Une sélection massale négative à la floraison
Pour identifier les maïs les plus intéressants, des parcelles d’essai sont implantées chaque année chez les membres du groupe. Dans ces vitrines, cinq ou six variétés sont semées à deux densités différentes (65 000 et 85 000 pieds à l’hectare), chacune sur huit rangs. « De la levée jusqu’à la récolte, nous observons le comportement des plantes en notant la vigueur au démarrage, la hauteur des poupées, la sensibilité à la verse, au charbon, etc., précise Raymond Pitiot. Les variétés qui sont les mieux adaptées au terroir sont multipliées sur des parcelles de 1000 m2, isolées des hybrides, à 300 mètres minimum de distance. »
À la floraison, les agriculteurs pratiquent une sélection massale négative en détruisant une partie des plantes, celles par exemple qui n’ont pas encore fleuri, pour garder les plus précoces. En septembre, au stade ensilage, les maïs qui ont séché trop vite sont éliminés.

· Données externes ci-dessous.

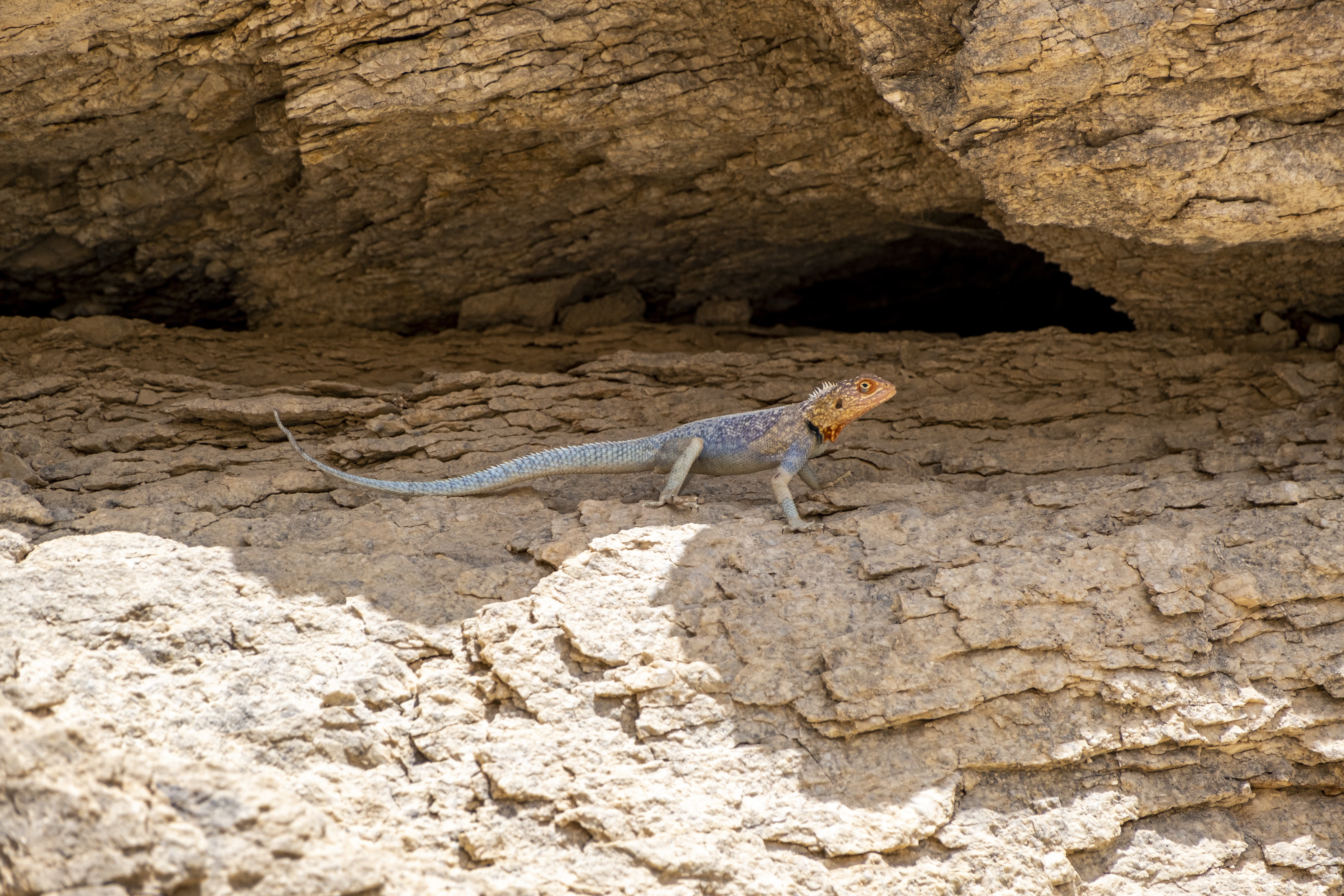 حرباء (  أغاما عجينية  ....   Doughy Agama  )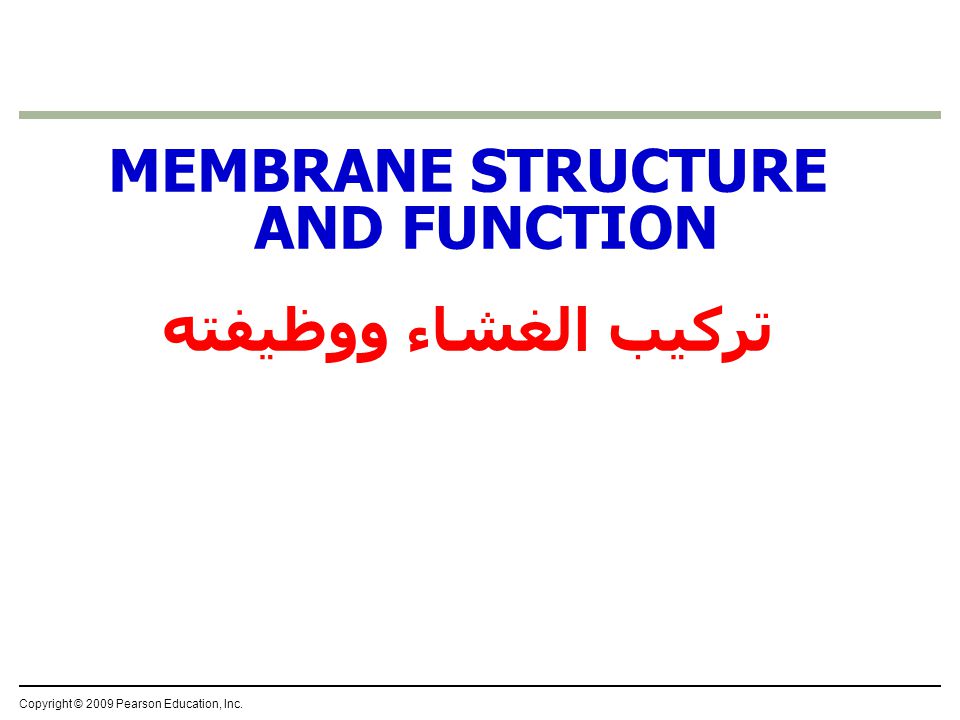 MEMBRANE STRUCTURE AND FUNCTION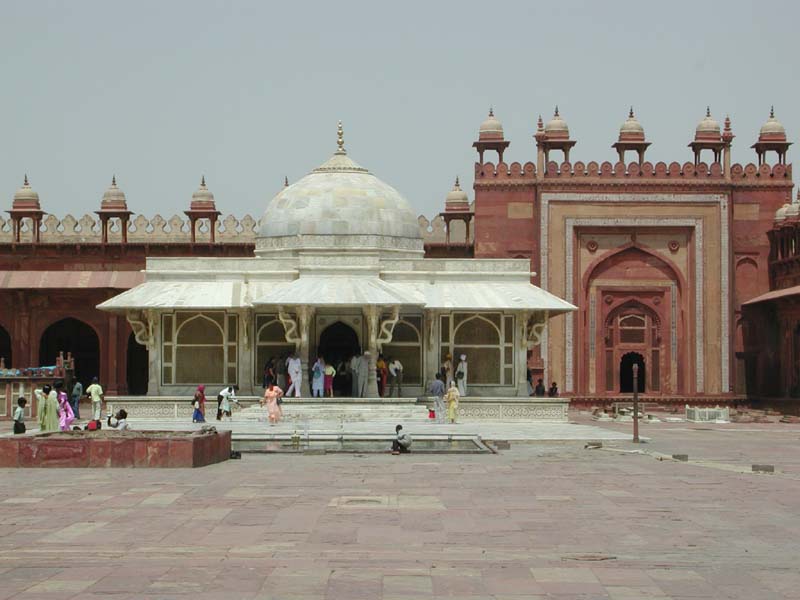 FatehPurSikriMoselium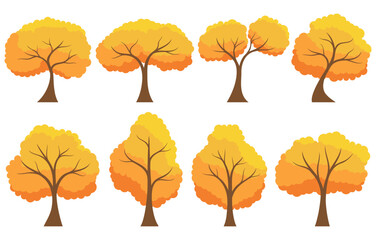 Autumn tree set. Collection of tree isolated on a white background. Each species of trees. A tree with orange leaves. Nature or healthy lifestyle topics. Vector illustration flat design style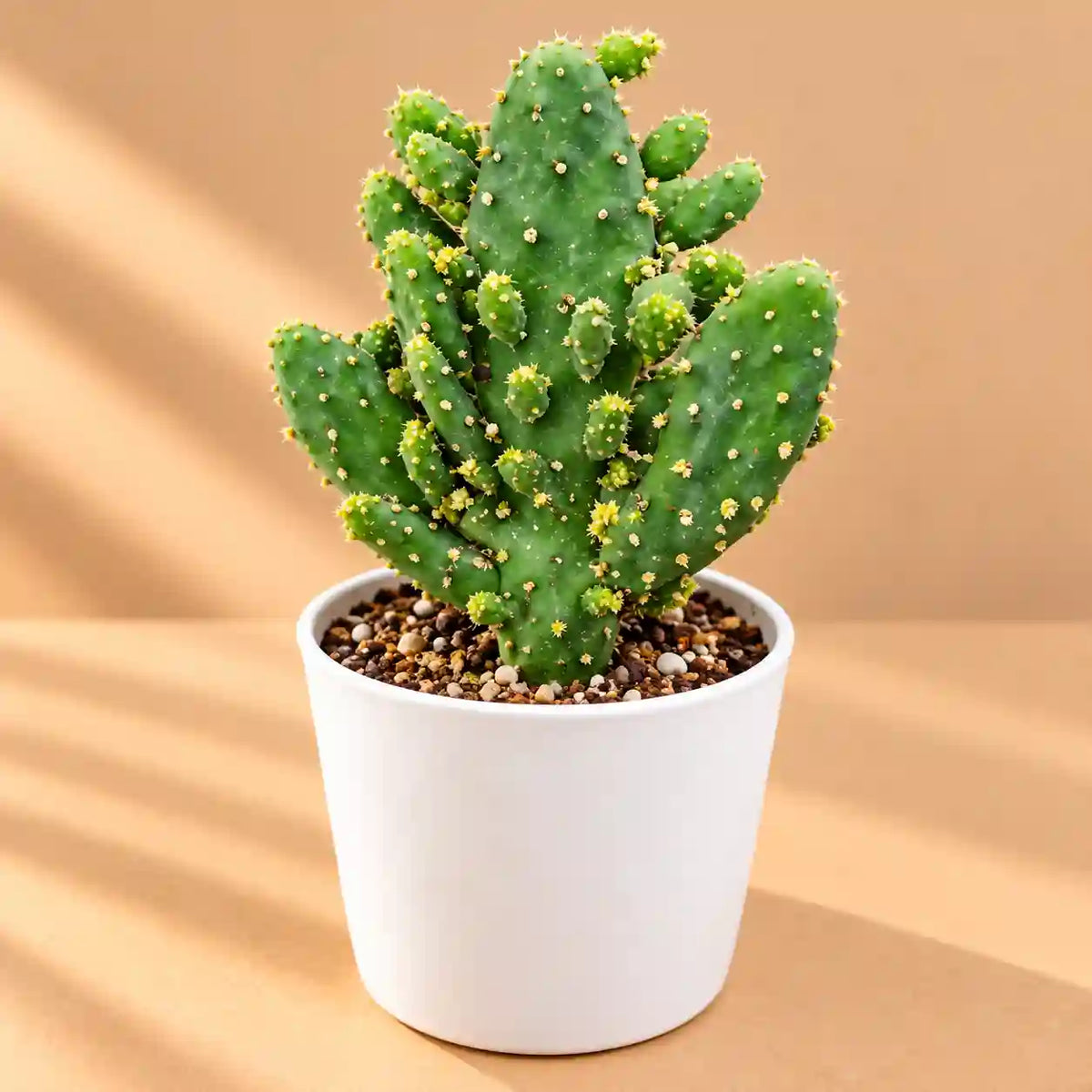 Opuntia Monocantha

À la récolte, seules les plus belles poupées sont conservées. Pour la multiplication des semences, un contrat est signé entre l’agriculteur-multiplicateur et l’Association pour le développement de l’emploi agricole et rural (Adear) du département qui coordonne le travail du collectif maïs population.
« Un peu moins d’amidon mais plus de MAT »
« En ensilage, les maïs population sélectionnés fonctionnent bien », estime Raymond Pitiot. Ils ont plus de feuillages que les hybrides. D’où la nécessité de les semer plus clair, surtout en conditions sèches (70 000-75 000 pieds par hectare). En irrigué, on peut monter à 85 000 pieds. Les maïs de pays non arrosés se comportent généralement mieux en conditions difficiles. Ils présentent une plus grande capacité de résister à un coup de sec. Moins réguliers que les hybrides, leur floraison s’étale sur trois semaines au lieu de huit jours. Cet été, toutefois, les plantes ont souffert de l’absence d’eau et des chaleurs intenses. La fécondation s’est mal déroulée. Sur les maïs de la vitrine déjà ensilés début septembre, les rendements étaient de 8 tonnes de matière sèche par hectare. En matière de fertilisation, l’agriculteur conseille de garder dans un premier temps ses pratiques, d’observer et d’ajuster. Sur son exploitation, il épand 30 tonnes de fumier mou (logettes) de bovins à l’hectare pour un maïs derrière une luzerne de quatre ans.
Depuis 2015, le contrôle laitier de la Loire analyse les valeurs nutritionnelles des maïs population cultivés par le collectif rhônalpin et les compare aux hybrides implantés dans les mêmes secteurs. « Les rendements des maïs population n’ont rien à envier à ceux des hybrides, analyse notre interlocuteur. En général, ils contiennent un peu moins d’amidon, mais plus de matières azotés totales. »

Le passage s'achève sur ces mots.